Jules Owchar (born October 12, 1944, in Lac La Biche, Alberta) is a Canadian curler, curling coach, and golf coach from Edmonton, Alberta. Owchar is best known as the longtime coach of Kevin Martin, a retired Olympic champion, world champion, and Canadian champion. Owchar is also the curling coach of the Northern Alberta Institute of Technology curling teams. He previously coached Brad Gushue's Newfoundland and Labrador team. Teams coached by Owchar have won eight Briers, one Olympic gold, two silvers, and one bronze; two world championships, 24 Slam titles and 34 conference championship gold medals, as of March 2019 when he was named to Curling Canada's Hall of Fame.

==Career==

===Playing career===
Owchar was officially listed as the alternate for the Kevin Martin team, which he coached, at the 1991, 1992, 1995, 1996, and 1997 Briers. As the alternate, he won various medals with the team, including two Brier titles and a silver medal at the 1991 World Men's Curling Championship.

===Coaching career===
Owchar is a Level 3 certified curling coach by the National Coaching Certification Program.

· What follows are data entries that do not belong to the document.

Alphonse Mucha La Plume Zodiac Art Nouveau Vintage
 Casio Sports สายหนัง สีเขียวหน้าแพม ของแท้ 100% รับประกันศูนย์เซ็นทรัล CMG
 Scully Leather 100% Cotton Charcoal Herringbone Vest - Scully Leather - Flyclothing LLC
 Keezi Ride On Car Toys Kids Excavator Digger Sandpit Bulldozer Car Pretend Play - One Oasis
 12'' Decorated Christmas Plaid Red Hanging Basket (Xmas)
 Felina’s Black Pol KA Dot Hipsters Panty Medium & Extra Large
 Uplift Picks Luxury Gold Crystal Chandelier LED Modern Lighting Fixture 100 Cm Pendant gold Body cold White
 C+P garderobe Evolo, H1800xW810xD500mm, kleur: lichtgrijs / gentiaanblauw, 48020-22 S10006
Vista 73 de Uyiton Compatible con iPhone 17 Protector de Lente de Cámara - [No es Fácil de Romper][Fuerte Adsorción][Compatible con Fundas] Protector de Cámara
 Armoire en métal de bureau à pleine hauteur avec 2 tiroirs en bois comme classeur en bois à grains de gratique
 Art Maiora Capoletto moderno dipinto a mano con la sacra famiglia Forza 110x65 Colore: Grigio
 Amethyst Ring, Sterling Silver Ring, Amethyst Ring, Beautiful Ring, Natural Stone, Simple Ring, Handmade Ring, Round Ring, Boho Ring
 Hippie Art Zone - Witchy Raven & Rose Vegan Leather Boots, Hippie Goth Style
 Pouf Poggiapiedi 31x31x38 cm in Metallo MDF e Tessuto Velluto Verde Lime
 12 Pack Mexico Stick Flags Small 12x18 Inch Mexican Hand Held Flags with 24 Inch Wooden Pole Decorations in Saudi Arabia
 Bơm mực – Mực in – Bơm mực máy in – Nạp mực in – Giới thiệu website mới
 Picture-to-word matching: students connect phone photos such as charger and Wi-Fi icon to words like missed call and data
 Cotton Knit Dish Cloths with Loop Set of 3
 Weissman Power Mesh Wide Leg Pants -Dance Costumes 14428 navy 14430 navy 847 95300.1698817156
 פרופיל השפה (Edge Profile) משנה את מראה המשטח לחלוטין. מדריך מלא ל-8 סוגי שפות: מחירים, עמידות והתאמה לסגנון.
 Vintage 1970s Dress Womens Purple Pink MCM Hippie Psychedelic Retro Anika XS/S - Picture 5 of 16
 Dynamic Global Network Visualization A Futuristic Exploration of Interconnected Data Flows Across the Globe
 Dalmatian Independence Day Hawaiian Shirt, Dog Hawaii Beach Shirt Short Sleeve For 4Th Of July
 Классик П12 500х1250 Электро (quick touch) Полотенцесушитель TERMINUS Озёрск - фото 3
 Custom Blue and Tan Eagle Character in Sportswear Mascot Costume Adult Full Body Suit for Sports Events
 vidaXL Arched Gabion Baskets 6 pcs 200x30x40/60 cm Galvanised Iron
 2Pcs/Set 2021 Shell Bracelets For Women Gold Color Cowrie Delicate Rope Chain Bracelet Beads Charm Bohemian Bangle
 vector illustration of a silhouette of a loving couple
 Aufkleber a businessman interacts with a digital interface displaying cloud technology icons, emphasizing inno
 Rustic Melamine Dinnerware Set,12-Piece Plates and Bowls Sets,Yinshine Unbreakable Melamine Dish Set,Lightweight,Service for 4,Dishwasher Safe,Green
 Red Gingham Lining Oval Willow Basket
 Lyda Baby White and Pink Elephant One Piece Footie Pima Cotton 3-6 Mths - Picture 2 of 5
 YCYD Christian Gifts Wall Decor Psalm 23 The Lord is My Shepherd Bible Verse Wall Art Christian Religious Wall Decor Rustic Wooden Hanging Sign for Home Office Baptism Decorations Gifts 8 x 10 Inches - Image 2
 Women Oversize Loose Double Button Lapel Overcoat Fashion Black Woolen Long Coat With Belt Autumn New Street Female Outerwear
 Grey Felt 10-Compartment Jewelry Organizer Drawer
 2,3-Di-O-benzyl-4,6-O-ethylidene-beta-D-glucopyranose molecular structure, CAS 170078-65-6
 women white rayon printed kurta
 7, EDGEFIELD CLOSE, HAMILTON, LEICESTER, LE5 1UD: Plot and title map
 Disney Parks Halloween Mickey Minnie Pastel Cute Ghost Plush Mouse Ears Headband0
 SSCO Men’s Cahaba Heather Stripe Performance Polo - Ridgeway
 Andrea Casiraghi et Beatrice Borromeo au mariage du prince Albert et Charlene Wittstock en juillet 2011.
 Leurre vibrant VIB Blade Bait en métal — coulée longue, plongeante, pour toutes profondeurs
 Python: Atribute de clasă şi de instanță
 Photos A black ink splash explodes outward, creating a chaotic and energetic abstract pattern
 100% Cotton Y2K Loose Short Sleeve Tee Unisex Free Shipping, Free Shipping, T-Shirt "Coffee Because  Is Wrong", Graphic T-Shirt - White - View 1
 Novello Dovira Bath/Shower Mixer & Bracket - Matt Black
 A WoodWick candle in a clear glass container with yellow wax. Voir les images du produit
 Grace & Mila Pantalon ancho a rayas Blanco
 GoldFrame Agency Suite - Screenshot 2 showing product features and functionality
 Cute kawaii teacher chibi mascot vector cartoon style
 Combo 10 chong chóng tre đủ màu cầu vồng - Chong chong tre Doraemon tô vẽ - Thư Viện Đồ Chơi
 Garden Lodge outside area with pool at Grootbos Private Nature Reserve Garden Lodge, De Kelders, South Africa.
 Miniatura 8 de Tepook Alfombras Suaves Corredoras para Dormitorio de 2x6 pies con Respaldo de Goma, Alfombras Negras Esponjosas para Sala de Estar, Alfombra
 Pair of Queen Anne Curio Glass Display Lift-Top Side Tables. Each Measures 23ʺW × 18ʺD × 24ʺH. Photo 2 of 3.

====Northern Alberta Institute of Technology====
Owchar began his career at the Northern Alberta Institute of Technology (NAIT) as a physical education instructor in 1969. Throughout his career, he has coached NAIT curling teams to 33 college championships. Along with the golf championships he has also coached his students to, he has over 40 provincial and national championships as a coach. Most recently, he coached the NAIT men's curling team to their first national college championship.

====Coaching Kevin Martin====
Owchar began coaching Kevin Martin when he enrolled at NAIT in 1984. Martin had enrolled at NAIT specifically to curl under Owchar, and he and Martin were together for thirty years. In their first few years together, Owchar coached Martin to a Canadian junior title and a silver medal at the World Junior Curling Championships. As they continued, Martin and Owchar made their first Brier appearance in 1991 representing Alberta, and won their first Brier title. Martin then lost the championship game in the world championship later that year. In the next six years, Martin and Owchar returned to the Brier four times, and finished within the top three all four times. However, Martin came up short at the world level, losing the semifinal at the world championship in 1997 and the gold medal game at the 2002 Winter Olympics, which had come down to a draw for the win. Martin also missed another opportunity to represent Canada at the Olympics in 2005.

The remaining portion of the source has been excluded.